Récit d'expérience de Sarah Viatour, professeure de français et de religion au Collège Saint-Louis à Liège.
Sarah Viatour, étudiante diplômée de HELMo Sainte-Croix l'année dernière (juin 2021), a entamé sa carrière professionnelle au Collège Saint-Louis à Liège. Lors de cette première année en tant qu'enseignante, elle a pratiqué le coenseignement dans le cadre du cours de religion. Elle nous livre dans cette interview le récit de son expérience.
- Peux-tu nous expliquer ton contexte d'enseignement et ton contexte professionnel ?
Je suis enseignante depuis le mois de septembre au Collège Saint-Louis à Liège. C'est ma première année. J'ai 18h de religion et 5h de français. J'enseigne en coenseignement dans la classe de 2L, qui est donc la classe où l'on rassemble les élèves qui ont échoué au CE1D l'année passée. Le dispositif du coenseignement est un projet qui a été établi cette année car d'habitude, ce sont deux classes de doublants de plus ou moins une quinzaine d'élèves. Cette année, l'équipe pédagogique a décidé de rassembler les deux classes pour tenter la pratique de coenseignement avec ce public.

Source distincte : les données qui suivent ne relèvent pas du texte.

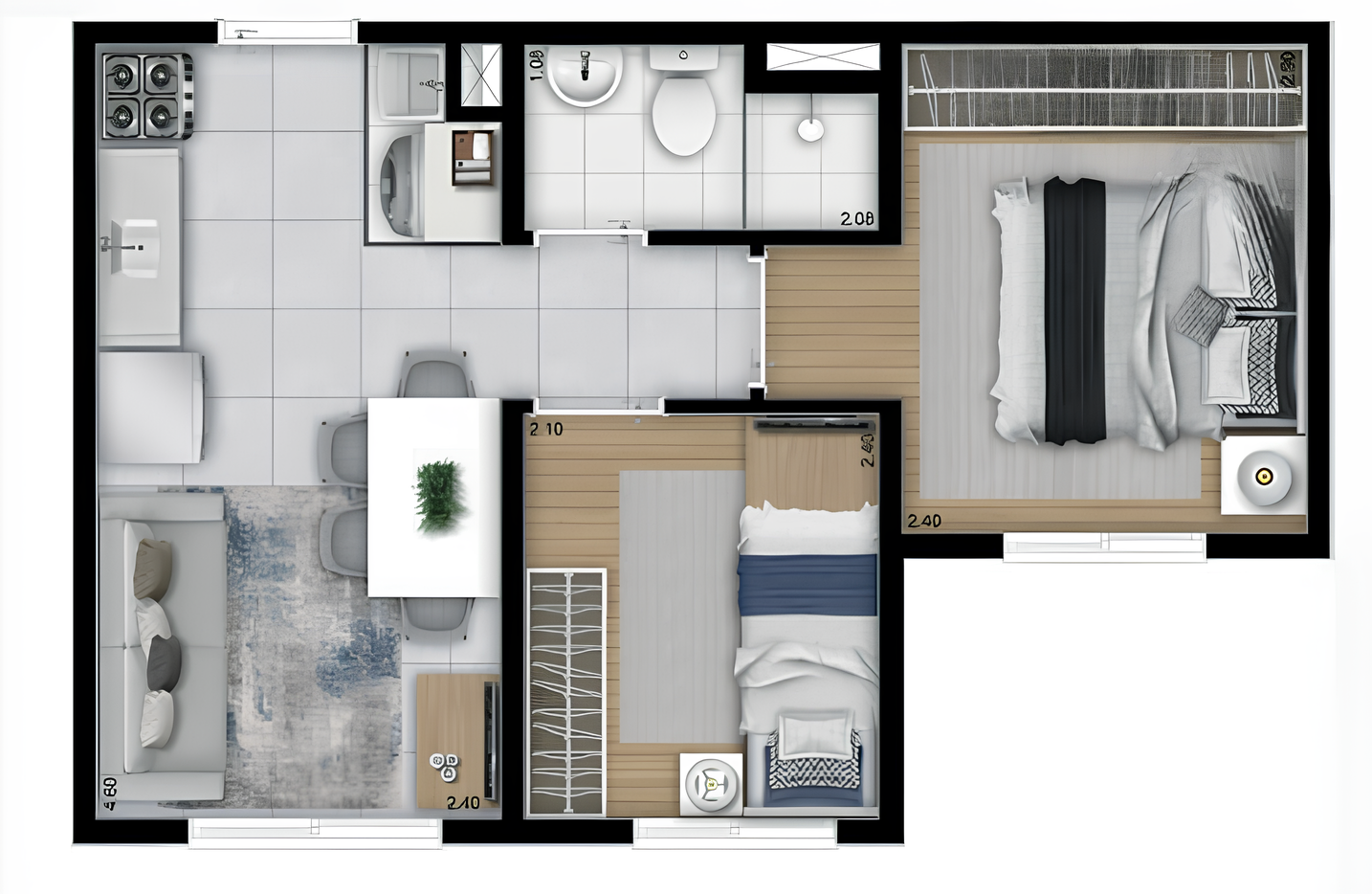 Planta 02 - 2 dorm 32,44m²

- Cette pratique, d'où vient-elle et comment en êtes-vous arrivés à opter pour cette solution ?
Ce choix a été posé en juin 2021, lorsque je ne faisais pas encore partie de l'équipe. Au terme de cette décision, mes collègues ont suivi une formation de 2 journées au mois d'aout. Il y a eu une deuxième journée durant l'année scolaire. Le but de ces journées de formation était de leur présenter différentes pratiques de coenseignement. Pour ma part, j'ai suivi la même formation1, en condensé, par wébinaire avec Sophie Vanden Plas du SEGEC2.

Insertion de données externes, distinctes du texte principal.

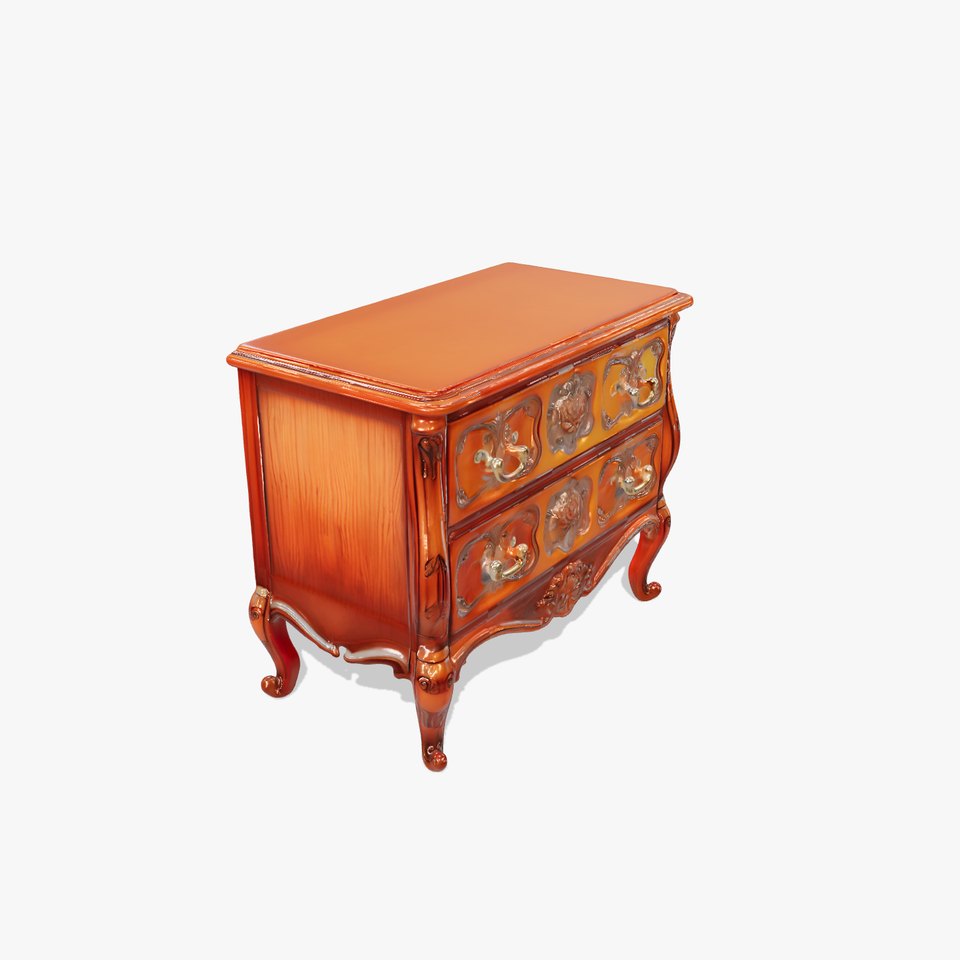 Antique Wooden Drawer Cabinet Model Pack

- Combien d'élèves avez-vous par classes et combien d'enseignants interviennent dans ce dispositif ?
Dans cette classe de 2L, on fonctionne en coenseignement pour toutes les matières. Donc deux professeurs pour chacune des disciplines (sciences, éducation physique, math, français, religion, EDM, etc.). Nous avons 26 élèves dans cette classe, ce qui est plutôt confortable puisque nous avons d'autres classes composées du même nombre d'élèves mais où l'enseignant est seul.
- Personnellement, que retiens-tu de cette pratique de coenseignement, en tant que jeune enseignante ?
La collaboration. Même si, traditionnellement, on est amené à collaborer avec les collègues, dans le cadre du coenseignement, la collaboration est obligatoire et perpétuelle. On ne peut pas décider de faire quelque chose sans son collègue et, en même temps, on apprend de l'autre. Si on a une idée, on la partage et grâce aux apports du collègue, notre proposition va être enrichie. Comme on dit : « Il y a plus d'idées dans deux têtes que dans une. » En ce qui me concerne, j'ai la chance de travailler avec une collègue qui a déjà 30 ans de carrière, Mme Fabienne Petit. On coenseigne dans le cadre du cours de religion. Grâce à son expérience, j'apprends beaucoup d'elle et, de mon côté, j'arrive avec ma non-expérience et mes idées parfois novatrices. Parce qu'elle est ouverte à tout ce que je suggère, nos propositions fonctionnent bien et on aboutit souvent à un bon résultat. On fonctionne vraiment sous la forme d'une coopération, ce qui est très chouette.
- Quel type de modèle de coenseignement mettez-vous en place, le plus régulièrement ?
Habituellement, on opte pour le rôle d'assistant. En fait, cela se répartit comme suit : il y en a une qui donne cours et l'autre qui gère la dimension organisationnelle/disciplinaire. L'assistante vérifie si les élèves prennent bien note, s'ils sont attentifs, etc. En fin d'année, suite à la pratique, on arrive maintenant à mettre en place le coenseignement partagé, c'est-à -dire qu'on se succède dans la prise de parole. L'une parle pendant 5 minutes, puis l'autre complète, et ainsi de suite. Dans ce modèle, on arrive à prendre part au cours toutes les deux, de façon équitable pendant les 50 minutes, sans avoir établi qui parle quand au préalable. En début d'année, on avait préféré éviter ce modèle car on ne se connaissait pas bien. À ce moment, on avait précisément établi nos rôles : qui prend en charge quelle partie. Maintenant, on est arrivées à une pratique plus fluide. On se complète mutuellement.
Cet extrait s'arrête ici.